─── Supplied material
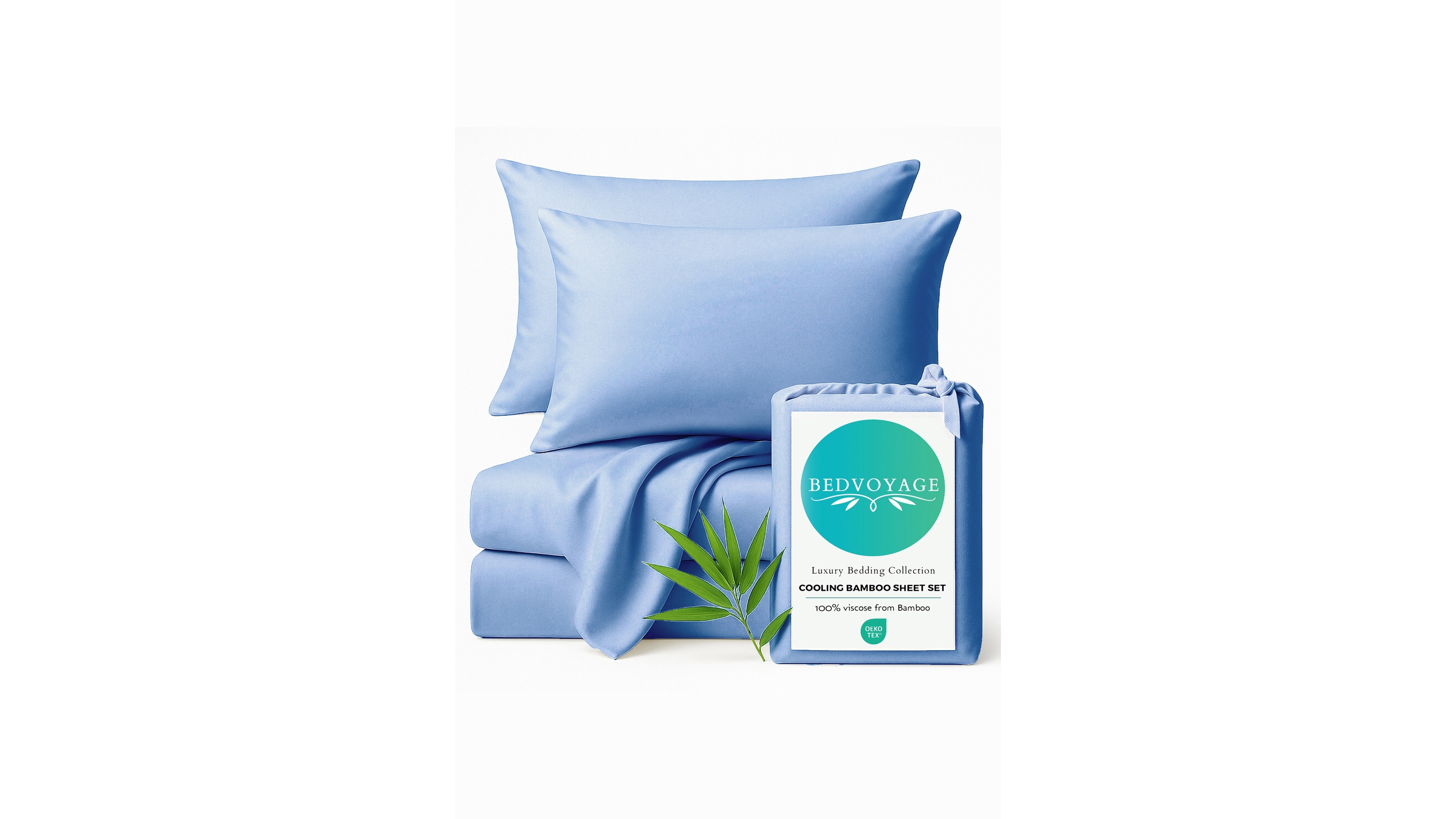 BedVoyage Luxury Rayon from Bamboo 4-Pc. Sheet Set, Queen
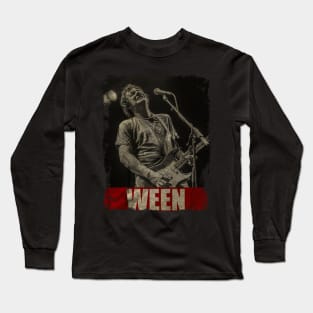 TEXTURE ART-Ween - RETRO STYLE 2 Long Sleeve T-Shirt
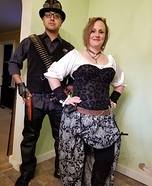 Steampunk Couple Homemade Costume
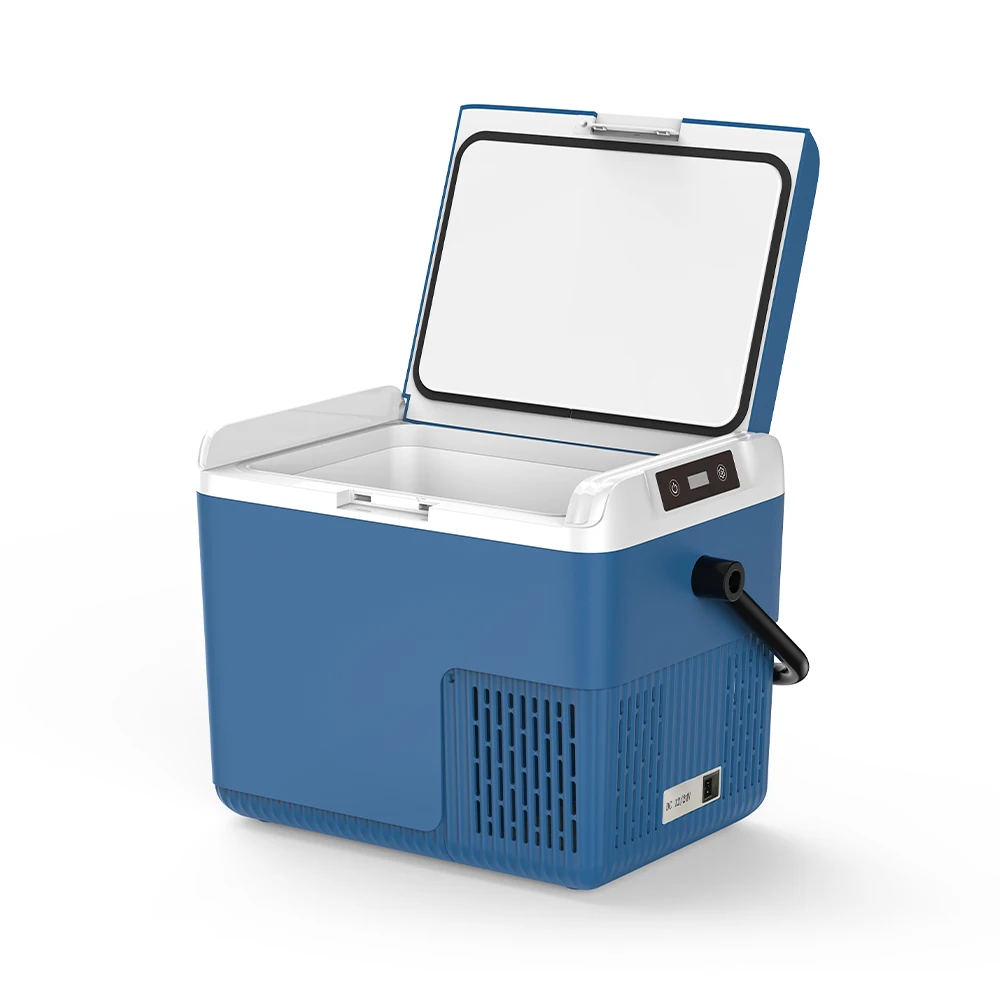 Mini Portable 18L Freezer 12V 220V AC DC Fridge Car Fridge Compressor Refrigerator For Truck RV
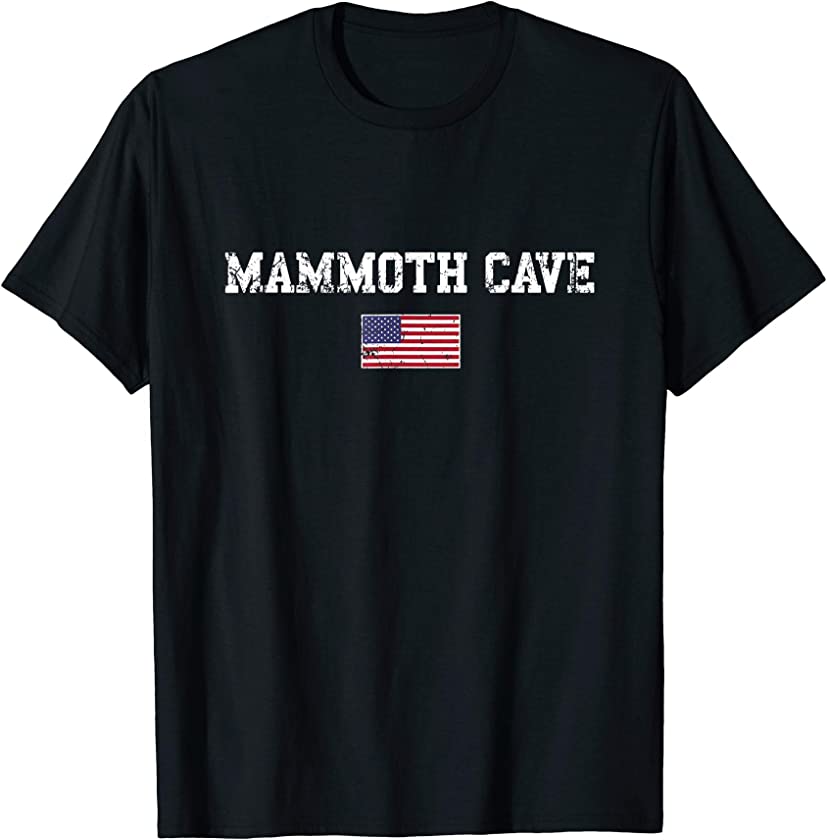 Vintage Mammoth Cave National Park Kentucky Sports T-Shirt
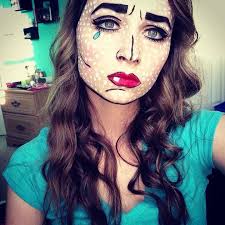 comic book makeup tutorial halloween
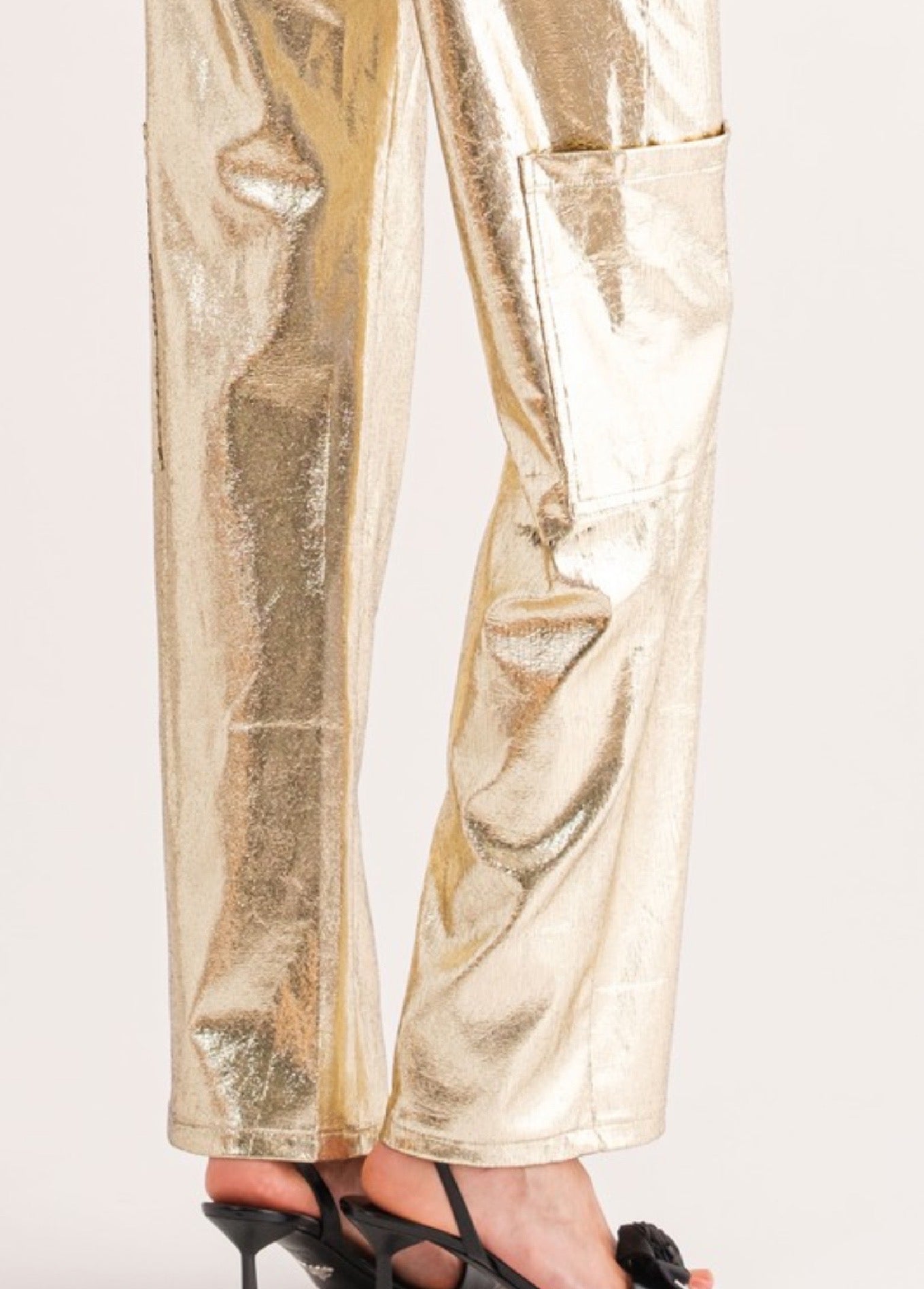 Gaia utility pants in gold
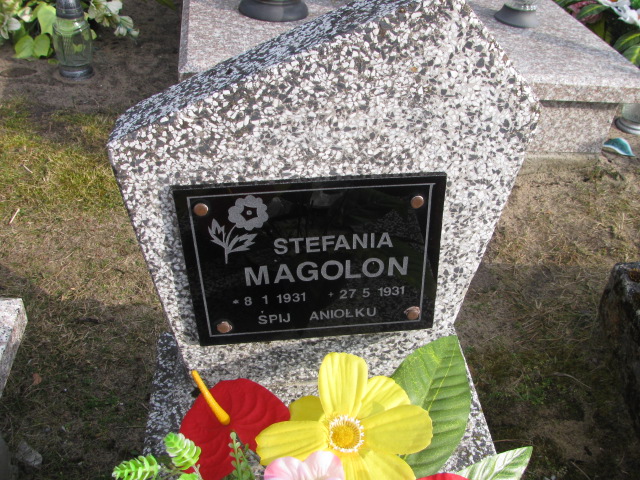 Stefania Magolon 1931 Huta Krzeszowska - Grobonet - Wyszukiwarka osób pochowanych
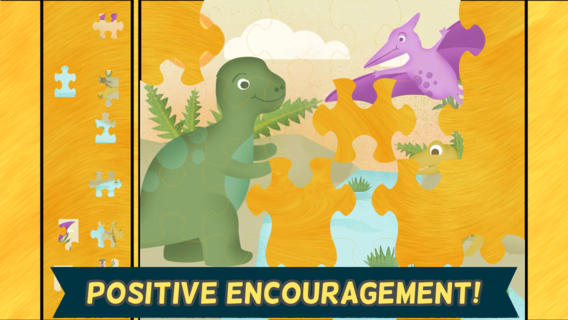 孩子们的恐龙拼图游戏  DinoPuzzles截图3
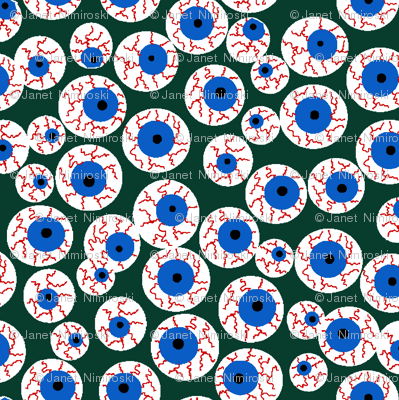 Eyeballs green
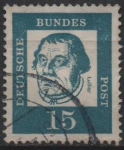 Stamps Germany -  Martin Luther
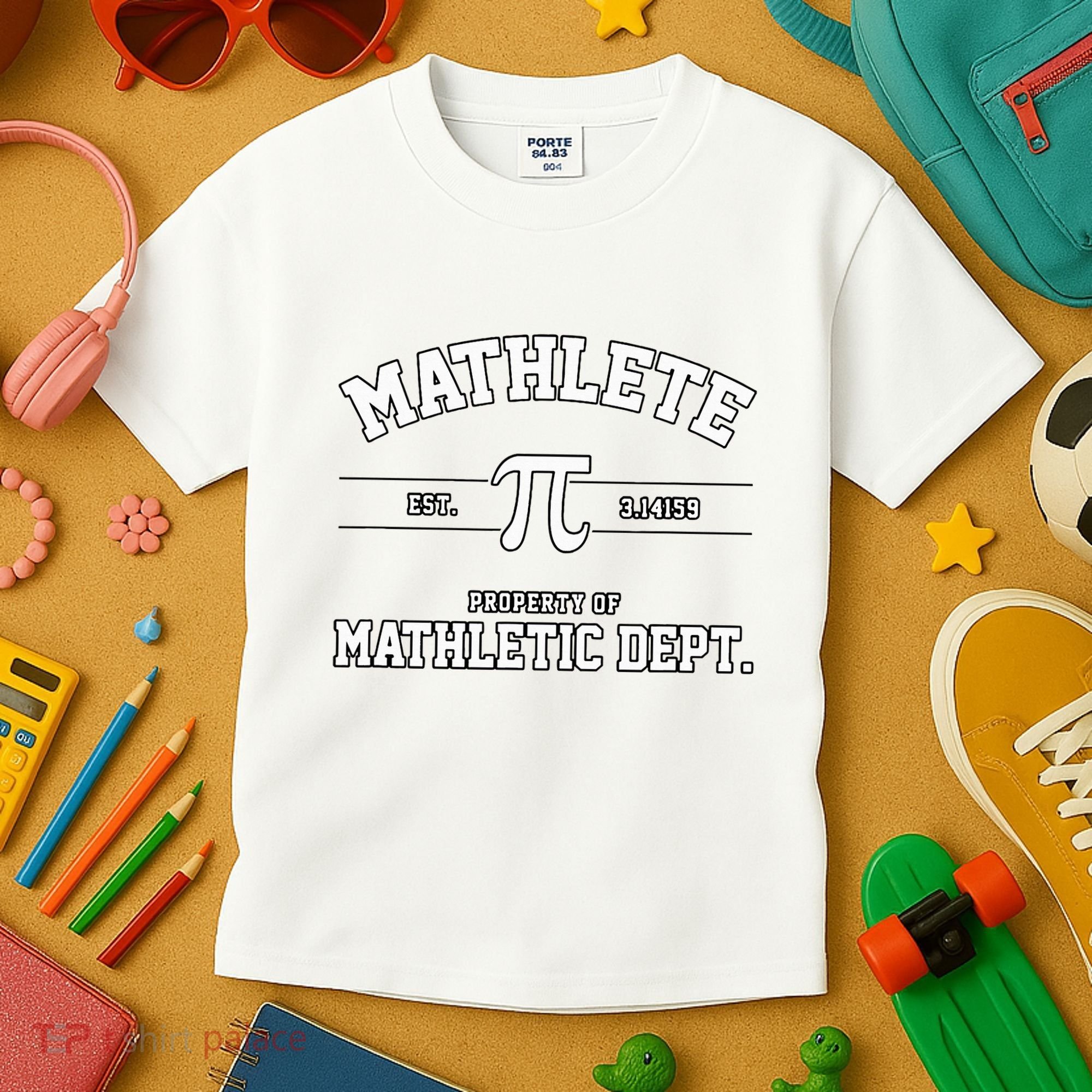 Mathlete Mathletic Department Kids T-Shirt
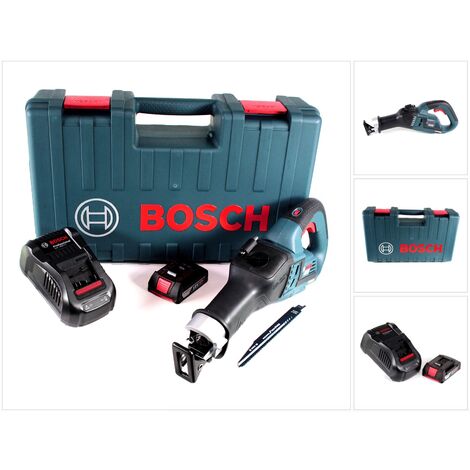 Scie sabre sans balais Bosch GSA 18V-32 à batterie 18 V dans un coffret d'outillage + 1 batterie 2,0 Ah + chargeur (1/5)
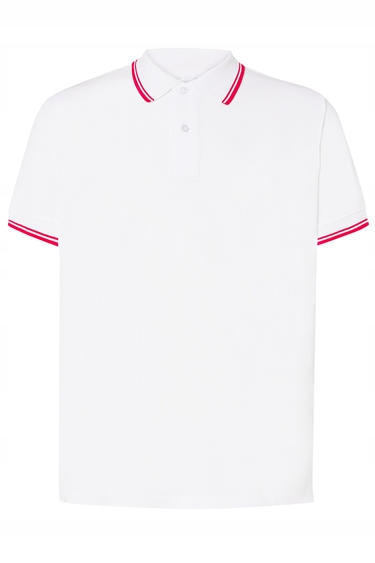 

Koszulka Polo Jhk Contrast męska Biel/Red XL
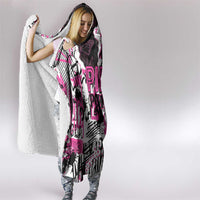 Pink Power Graffiti Hooded Blanket Breast Cancer Awareness - Wonder Print Shop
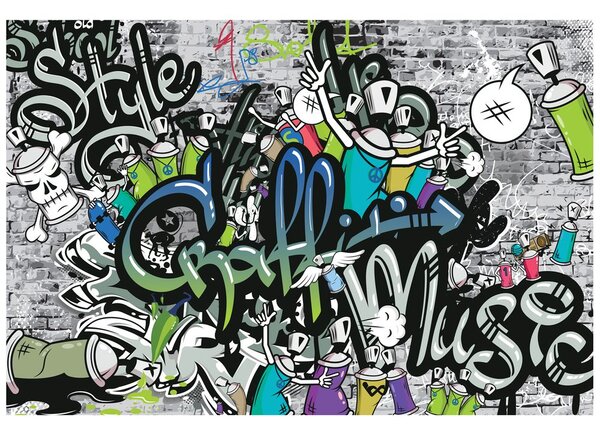 Carta da parati – Muro graffiti stiloso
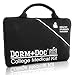 College First Aid Medical Kit Dorm Room Essential - Complete 125 Piece Kit First Aid 6 OTC Meds Pharmacist Designed primary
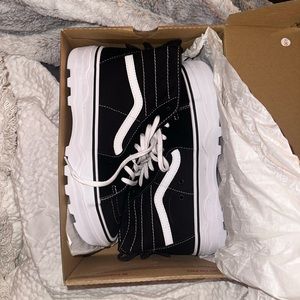 High Top Vans Old Skool Platforms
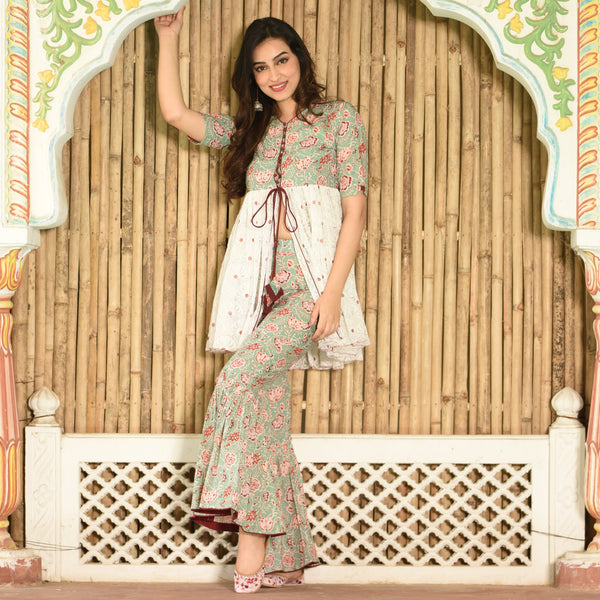Seashell Flare Pants Set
──────
*Task details*: From the line that contains "Carta da parati – Muro graffiti stiloso" to the last line of the data above, inclusive, transcribe every line exactly and only those lines, omitting pictures.

*Result of this exercise*:
 Carta da parati – Muro graffiti stiloso
 College First Aid Medical Kit Dorm Room Essential - Complete 125 Piece Kit First Aid 6 OTC Meds Pharmacist Designed primary
 High Top Vans Old Skool Platforms
Seashell Flare Pants Set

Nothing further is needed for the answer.